The IFC said in the filing that the proposed investment in CompareAsiaGroup “aligns with IFC’s contribution to the World Bank Group goals by addressing access gaps to financial services through the use of financial technology.”
“The company’s service will not only improve financial literacy to a broader audience but will also contribute to lowering cost of financial services and products in the market by increasing competitive pressure in the sector and help to increase consumption of financial services.”
CompareAsiaGroup, a firm headquartered in Hong Kong, currently serves eight markets including Singapore, Taiwan, the Philippines, Indonesia and Malaysia. It plans to launch a Vietnamese platform soon.
CompareAsiaGroup operates online platforms that let users compare banking, insurance and telecommunication products across Asia, serving over 21 million users annually, according to CEO Samuel Allen.
The firm seeks to become “the number 1 trusted source of information on personal financial and saving money in Asia,” as well as “raise the level of financial literacy in the region, provide more choice for customers and be a long-term partner to banking, insurance, telco and utilities providers in Asia.”
Last year, CompareAsiaGroup raised US$40 million in a Series A funding round led by Goldman Sachs with participation from Mark Pincus, Route 66 Ventures and Nova Founders Capital
The IFC is a prominent investor in fintech in emerging markets, supporting commercial projects that purport to reduce poverty and promote development. The organization aims at creating opportunities for people to escape poverty and achieve better living standards.
A report released in late-2015 by Standard and Poor’s and the World Bank, suggests that South Asia is home to countries with some of the lowest financial literacy scores in the world, where only a quarter of adults – or fewer – are financially literate.
In Southeast Asia, the Philippines, Vietnam and Cambodia held the worst results. Unsurprisingly, Singapore had the best score, followed by Myanmar.
Around 2 billion people don’t use formal financial services and more than 50% of adults in the poorest households are unbanked, according to the World Bank. The organization has made financial inclusion as one of its top priorities.
Fintech is changing the way people and firms save their money, make payments, invest, borrow and acquire insurance products.
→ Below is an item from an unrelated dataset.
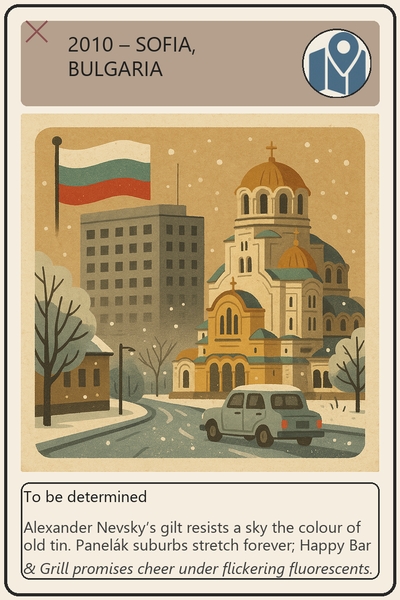 2010 – Sofia, Bulgaria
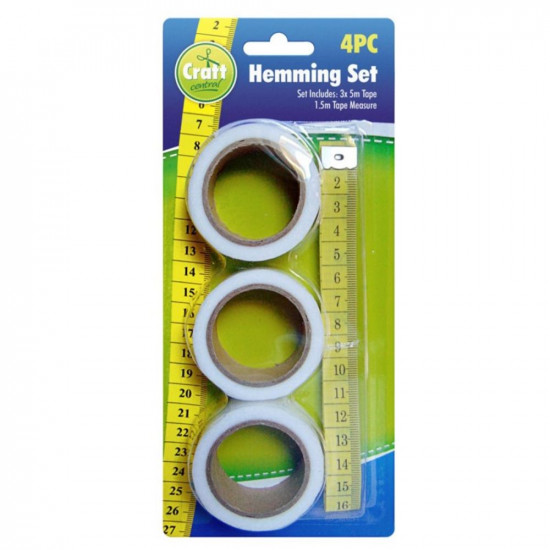 HEMMING SET 4X5M+MEASURING TAP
Technology is allowing people to perform any type of financial transactions in remote villages with the use of smartphones.
New financial products and mobile wallets targeting low-income households are emerging in Africa and Asia, and these innovations will ultimately help accelerate financial inclusion especially for poor people around the world.
In September 2015, Swiss startup TawiPay partnered with the International Organization for Migration to contribute to the lowering of remittances transaction costs globally.
Similarly to CompareAsiaGroup, TawiPay is an online comparison platform that specializes in remittances services. TawiPay aims at providing migrants with real-time data on remittances transfer costs.
Through the partnership, TawiPay has committed to build a global remittances data observatory allowing for the monitoring of the actual costs of sending remittances worldwide.